Records shown:
•••••

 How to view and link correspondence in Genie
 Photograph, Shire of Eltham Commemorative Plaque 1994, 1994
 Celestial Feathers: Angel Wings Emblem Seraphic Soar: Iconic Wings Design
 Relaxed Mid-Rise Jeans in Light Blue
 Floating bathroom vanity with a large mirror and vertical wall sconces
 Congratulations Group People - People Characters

•••••

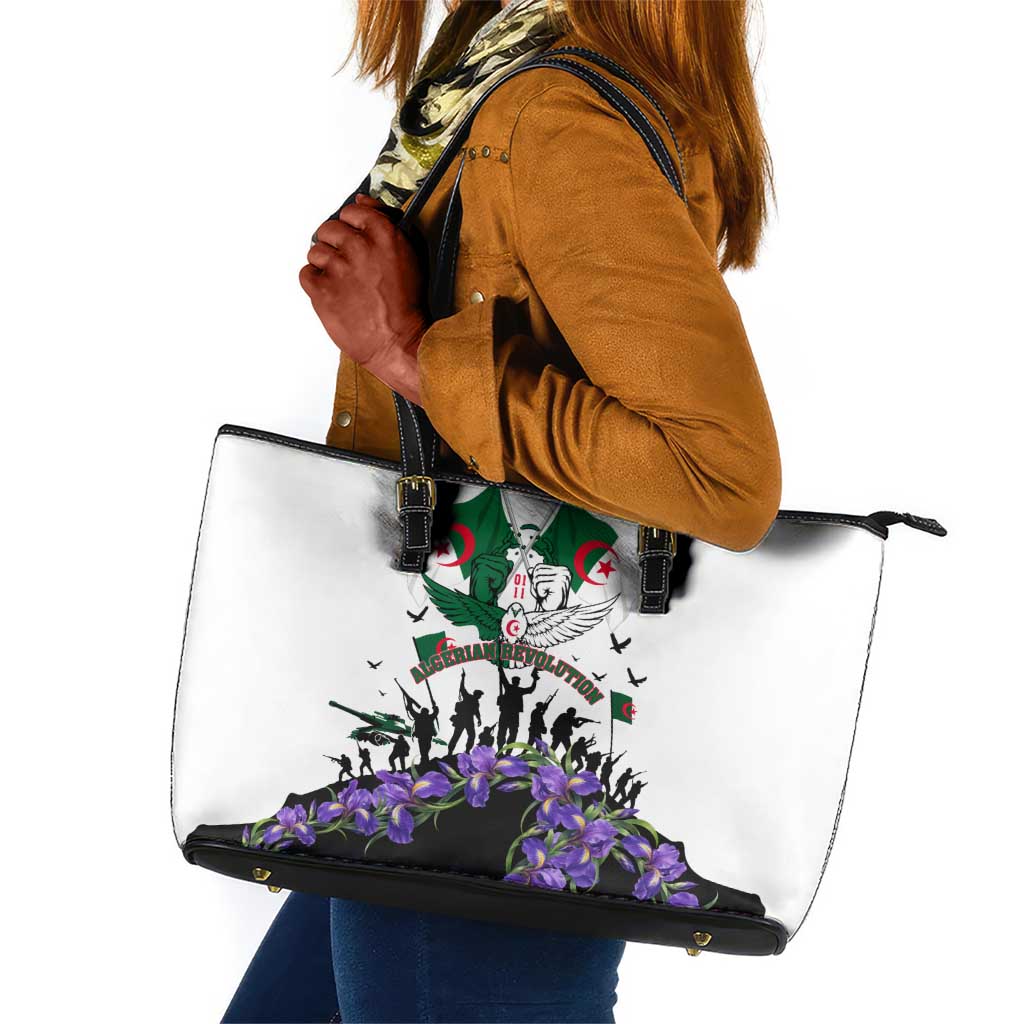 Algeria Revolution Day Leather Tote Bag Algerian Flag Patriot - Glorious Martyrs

•••••

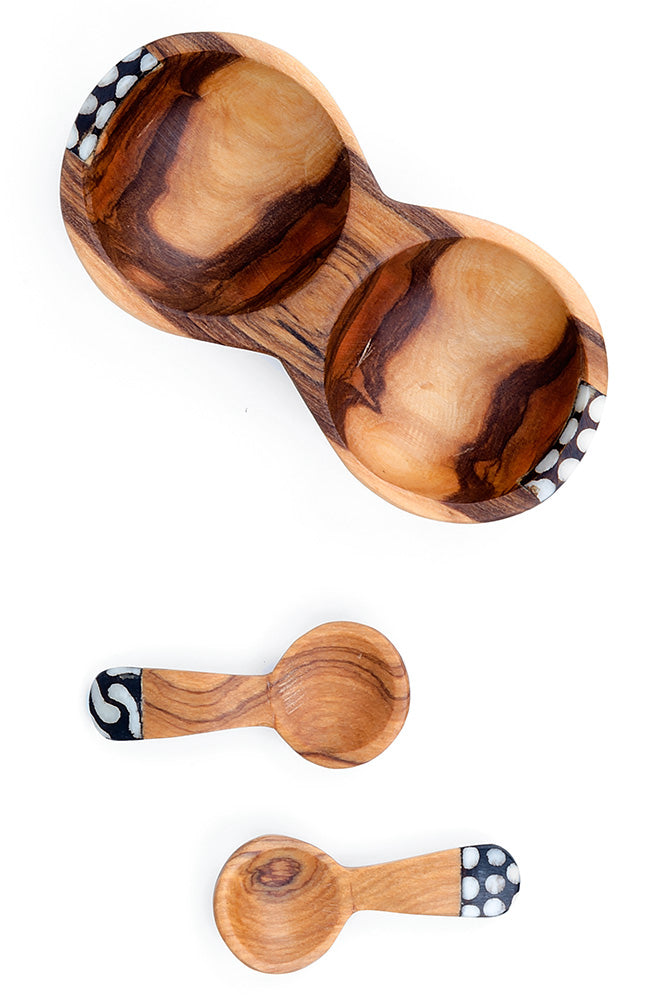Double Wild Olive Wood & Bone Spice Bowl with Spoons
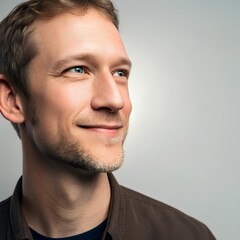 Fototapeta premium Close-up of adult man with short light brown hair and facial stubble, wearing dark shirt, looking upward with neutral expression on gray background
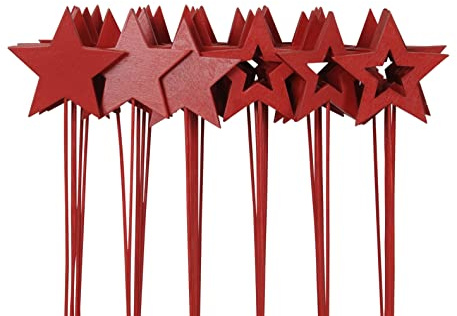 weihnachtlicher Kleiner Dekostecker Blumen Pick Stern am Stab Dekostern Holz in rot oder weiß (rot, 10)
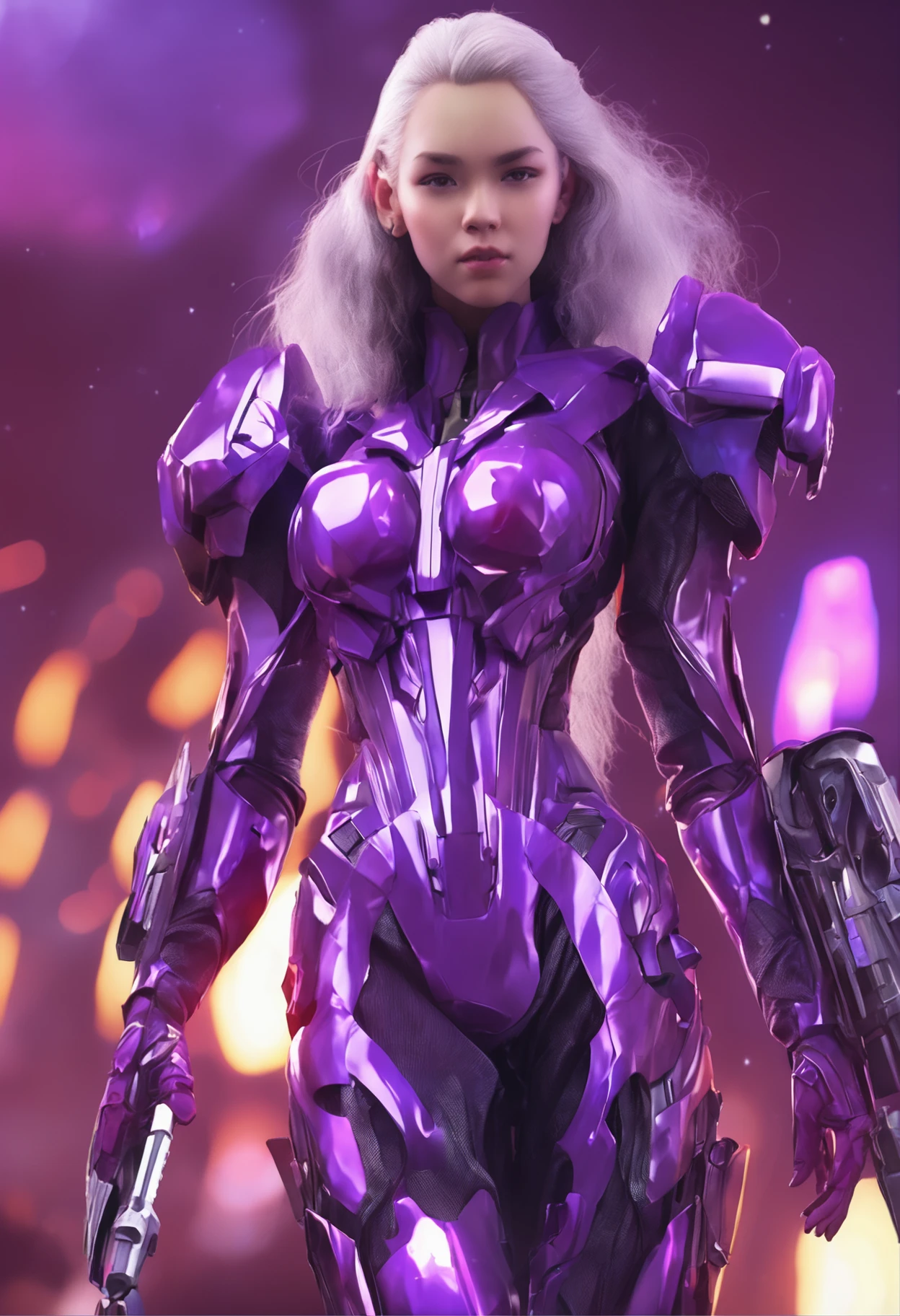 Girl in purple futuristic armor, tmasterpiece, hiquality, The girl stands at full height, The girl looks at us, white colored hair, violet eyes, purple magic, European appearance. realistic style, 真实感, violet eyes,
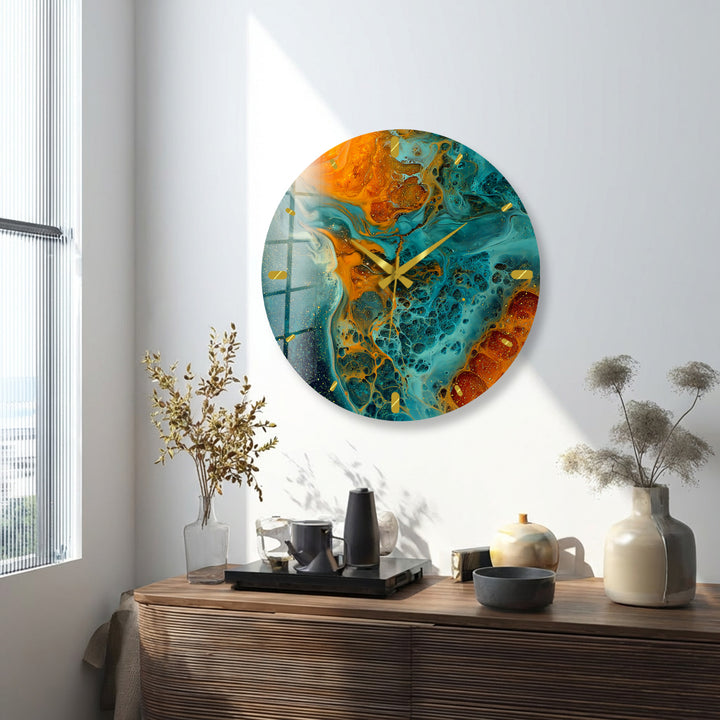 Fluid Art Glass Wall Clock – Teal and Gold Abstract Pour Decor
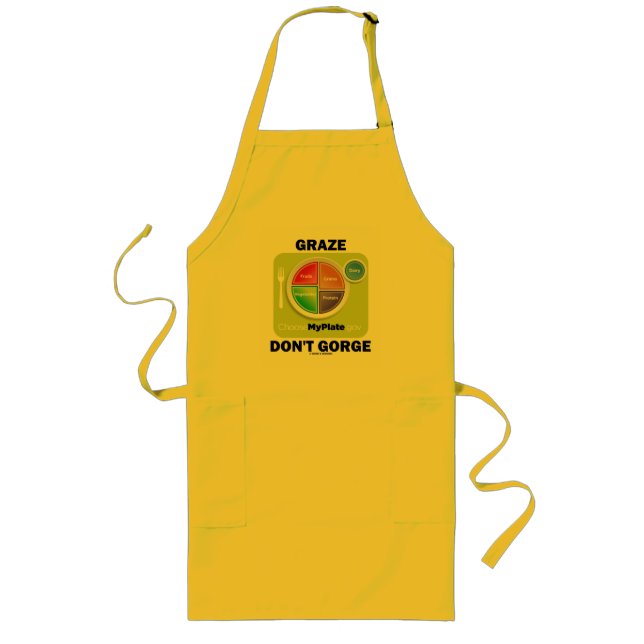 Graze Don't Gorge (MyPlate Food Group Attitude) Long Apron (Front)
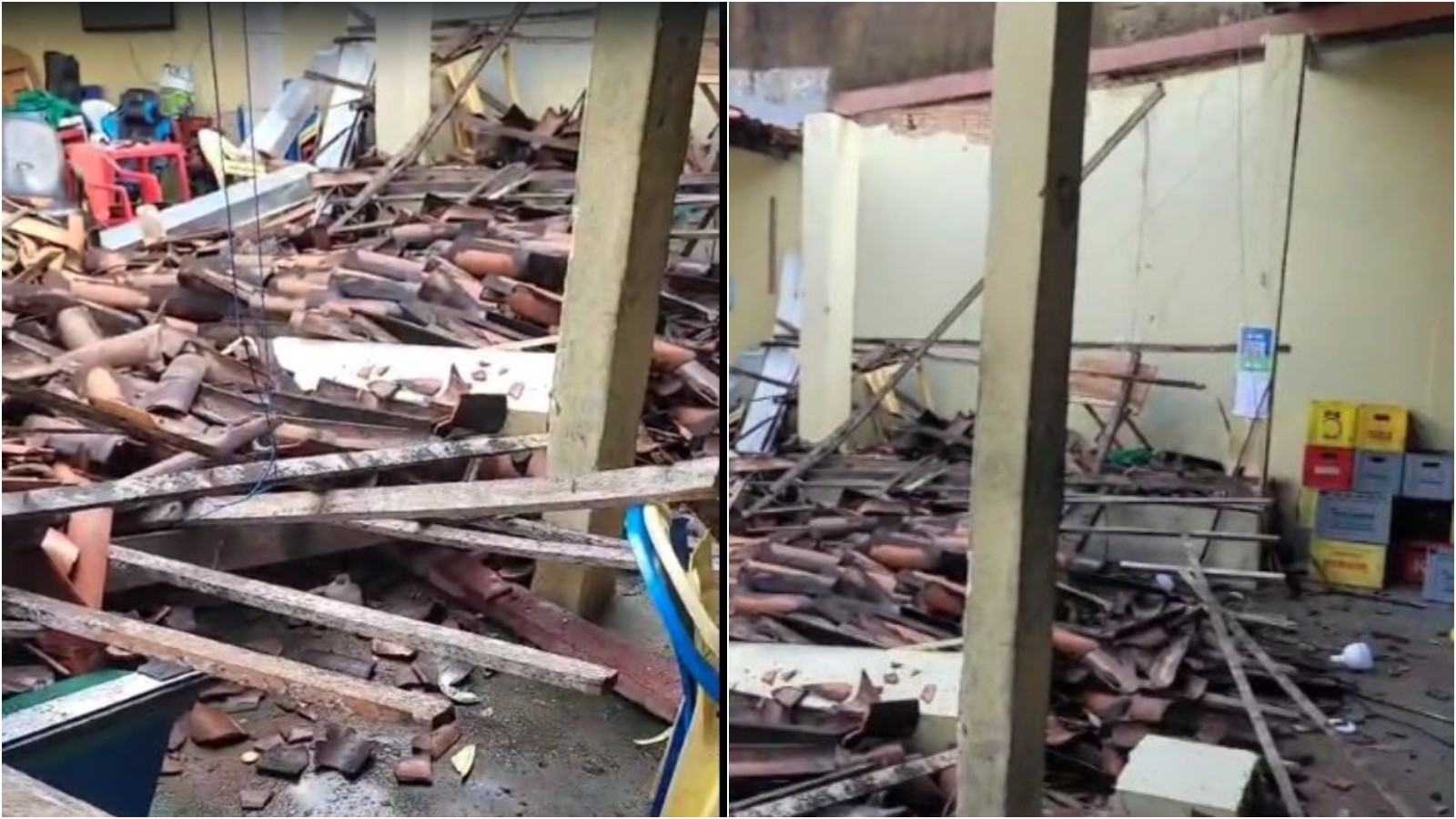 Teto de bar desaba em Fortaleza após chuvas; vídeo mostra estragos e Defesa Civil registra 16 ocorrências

•••••

Could you repeat, exactly, only the lines above starting at the one that has "Graze Don't Gorge" and stopping after the one that has "Teto de bar", without the pictures?

 Graze Don't Gorge (MyPlate Food Group Attitude) Long Apron (Front)
 Teto de bar desaba em Fortaleza após chuvas; vídeo mostra estragos e Defesa Civil registra 16 ocorrências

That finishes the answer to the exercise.